Structure showing the Euro currency sign is seen in front of the ECB headquarters in Frankfurt
The Aussie dollar maintained a tight 35 pip range against the greenback with price action consolidating around current levels of 104.5 US cents. Support for the Euro remained in play despite moderate losses across European equities and further criticism from Germany's central bank over the proposed ECB bond buying operations. There has also been talk the European Central Bank may place limits on peripheral debt yields, which was quickly refuted by the bank.
This backdrop of relative calm may be a welcome change but with a series of top-tier game changes on the horizon, it may simply be the calm before the storm. Wednesday's release of the Fed minutes from the August 1st meeting is sure to attract the usual level of stimulus related conjecture ahead of the Jackson Hole, and a speech by Atlanta Fed President Dennis Lockhart and current FOMC voting member will also be closely watched this evening as markets attempt to gather intelligence on the likelihood of further stimulus. Euro-group President Jean-Claude Juncker will also meet Greek Prime Minister Antonis Samara in Athens this week, amid speculation Greece will seek more time to implement agreed austerity measures as part of their bailout conditions.

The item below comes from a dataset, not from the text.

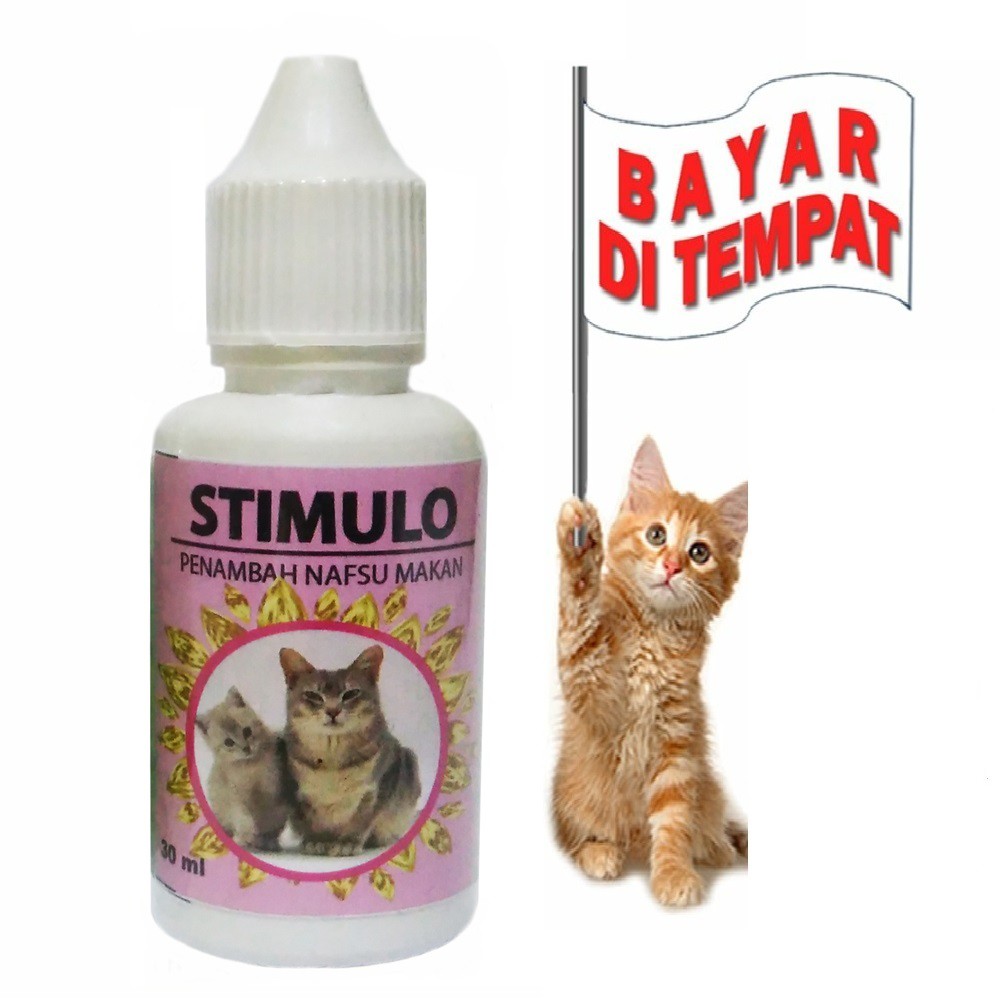 STIMULO VITAMIN KUCING KURUS CEPAT GEMUK PENAMBAH NAFSU MAKAN AMPUH TERMURAH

The highlight of the local session will be the RBA minutes from their August 7 policy meeting, which saw Governor Stevens and Co hold benchmark rates steady at 3.5 percent. While acknowledging the significant challenges from the euro region amid a subdued global growth outlook, on balance, the statement painted a fairly positive picture. On China, the statement noted growth has moderated to a more sustainable pace, but "does not appear to be slowing further." Local inflation is expected to be in line with expectations and business credit has recorded its strongest growth in several years. On the Australian dollar, the bank highlighted the local unit's resilience despite a marked decline in the terms of trade and weaker global growth outlook. This point was further emphasized in the later release of the RBA Statement on Monetary Policy which also acknowledged the role a strong currency has played in dampening domestic growth and weighing on non-resource industries and employment. In short, the board considers the high exchange rate places "important risks" on the domestic conditions. This represents a change in language from previous RBA commentary, with the emphasis now on the disparity between fundamental drivers and Aussie dollar demand. Any elaboration on this today may serve as a reminder the Reserve Bank has their eye on high exchange rate, in turn reigniting the debate on how the bank will mitigate these "important risks". At the time of writing the Australian dollar is buying 104.5 US cents, short-term supported is noted around 104/104.1 US cents with a further leg-lower likely to be slowed around the 103.8 US cent region.